Une fuite dangereuse

La situation s’envenime. Le véhicule s’engage vers l’autoroute et les policiers finissent par le perdre de vue. Durant la course, le conducteur tente à deux reprises de percuter la voiture des forces de l’ordre. Avant de décrocher, les policiers relèvent la plaque d’immatriculation. Le véhicule appartient à un joueur de rugby évoluant dans un club de l’Hérault. L’enquête permet d’identifier le propriétaire, âgé de 30 ans. Deux jours plus tard, les forces de l’ordre se rendent à son domicile. Personne ne répond. Ils laissent instruction de se présenter le lendemain matin à 9h30 pour une audition. L’homme vient comme demandé.

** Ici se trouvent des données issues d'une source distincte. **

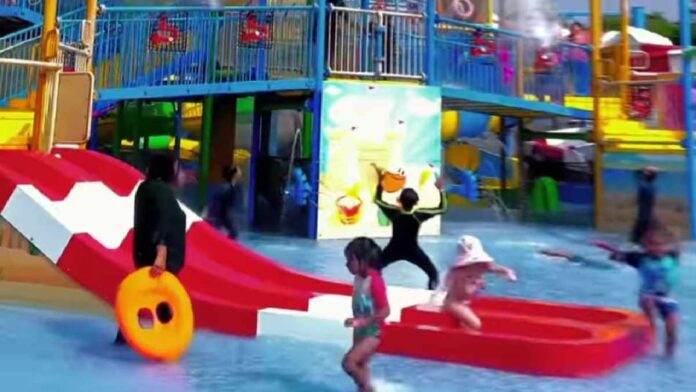 Wahoo Waterworld Bandung, Nikmati Seluncuran Beragam
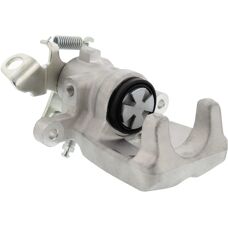 Mapco 4653 Clapet de frână spate gri - Cleste de frână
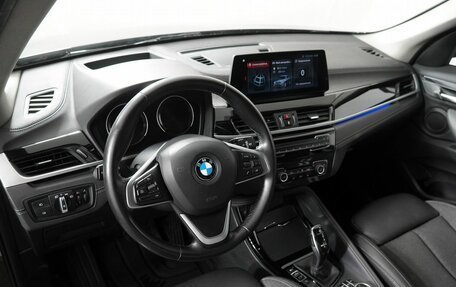 BMW X1, 2020 год, 2 790 000 рублей, 12 фотография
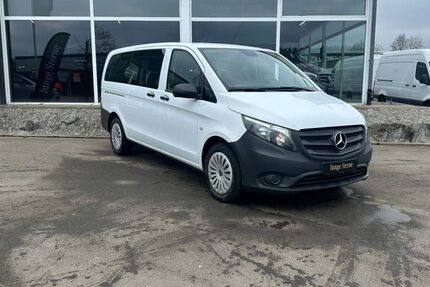 Mercedes-Benz Vito 34.502 km 29.274 &euro; Rottweil 78628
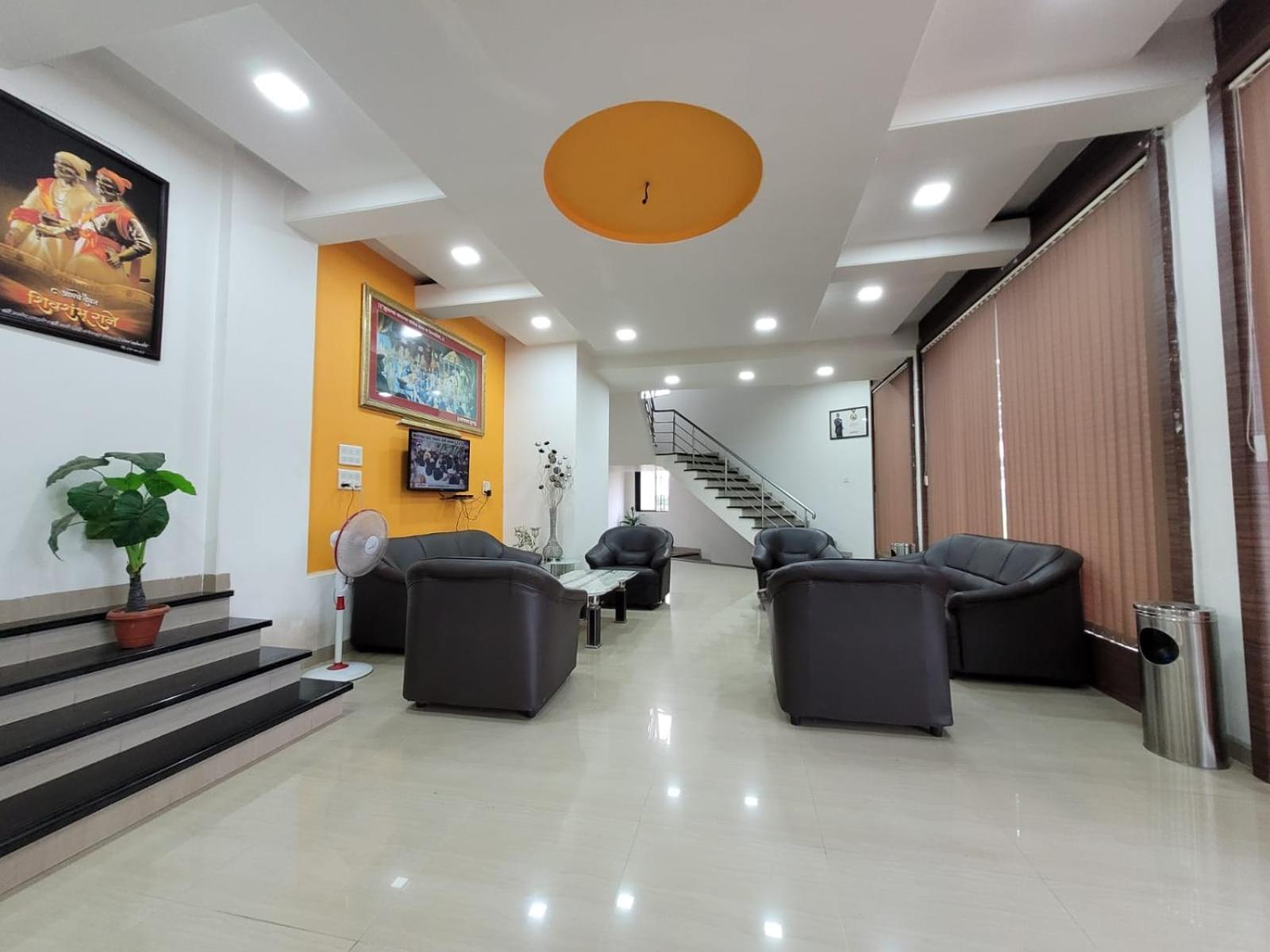 Sandesh Resort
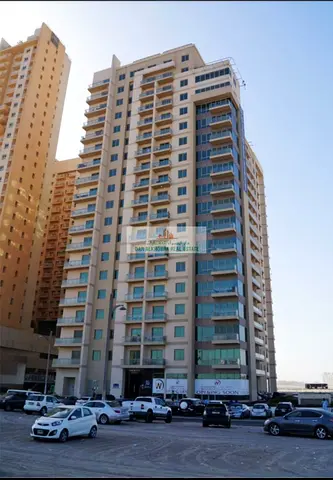 Balcony | Prime Location | Spacious Unit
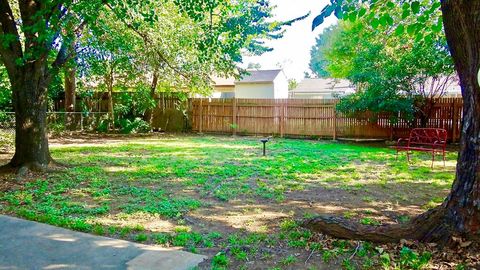 A home in Euless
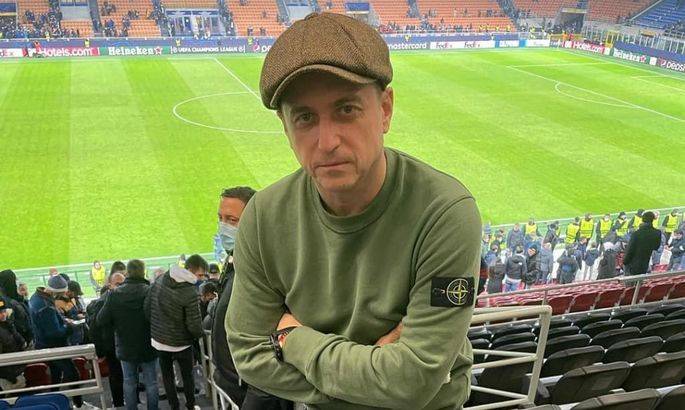 Денисов: «Я написав Уткіну, а він мовчить. Можливо, стоїть в черзі в IKEA»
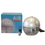Unilution 75606-SILVER, Air Cleaner, Ecogecko Revitalizer Earth Globe Silv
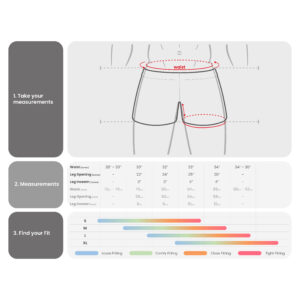 GYM Short - Cobalt Blue - Image 8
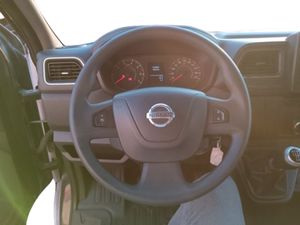 Renault Master 2.3 dCi L2H2 Nissan NV400  - Foto 7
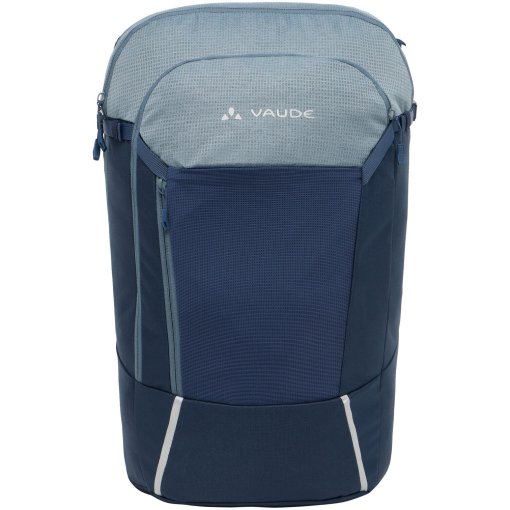 Immagine prodotto da Vaude Zaino e Borsa Bici - Cycle II 28L - heron
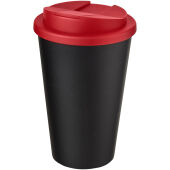 Zwart/Rood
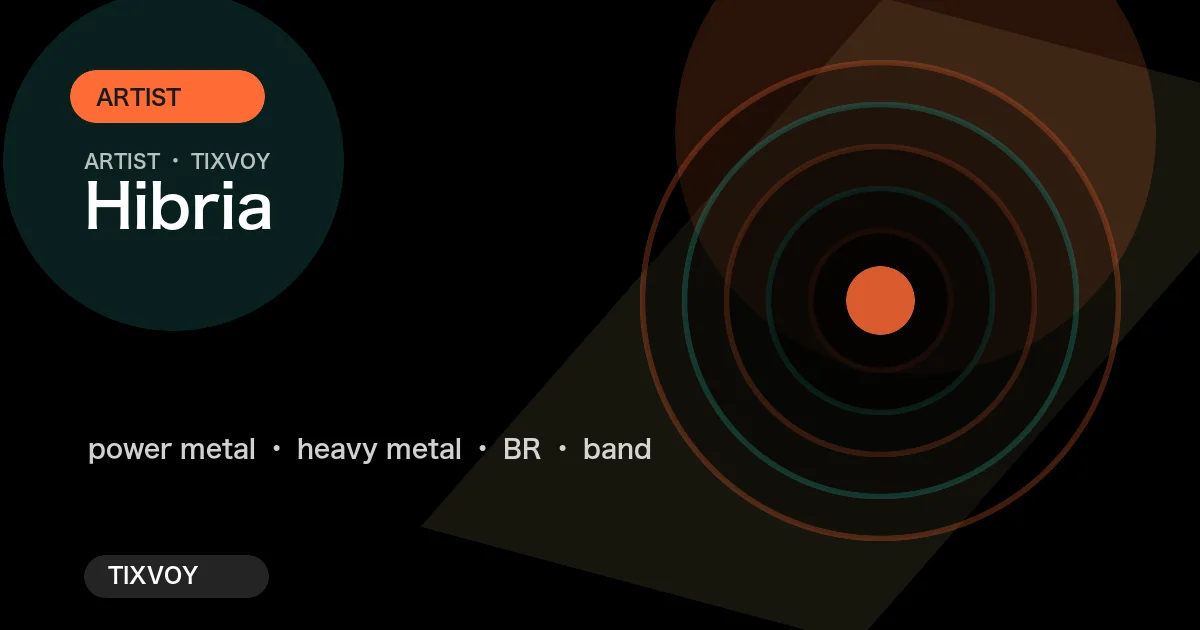 Hibria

Face aux enquêteurs, il reconnaît les faits, affirme avoir perdu le contrôle de son véhicule et avoir paniqué. Il explique aussi qu’il ne lui restait que deux points sur son permis au moment des faits. Cette situation aurait motivé sa fuite. Les trois policiers déposent plainte et le chauffard écope d’une COPJ (convocation par officier de police judiciaire) pour le 26 mai. Son véhicule est saisi et placé sous scellés dans l’attente de la décision judiciaire.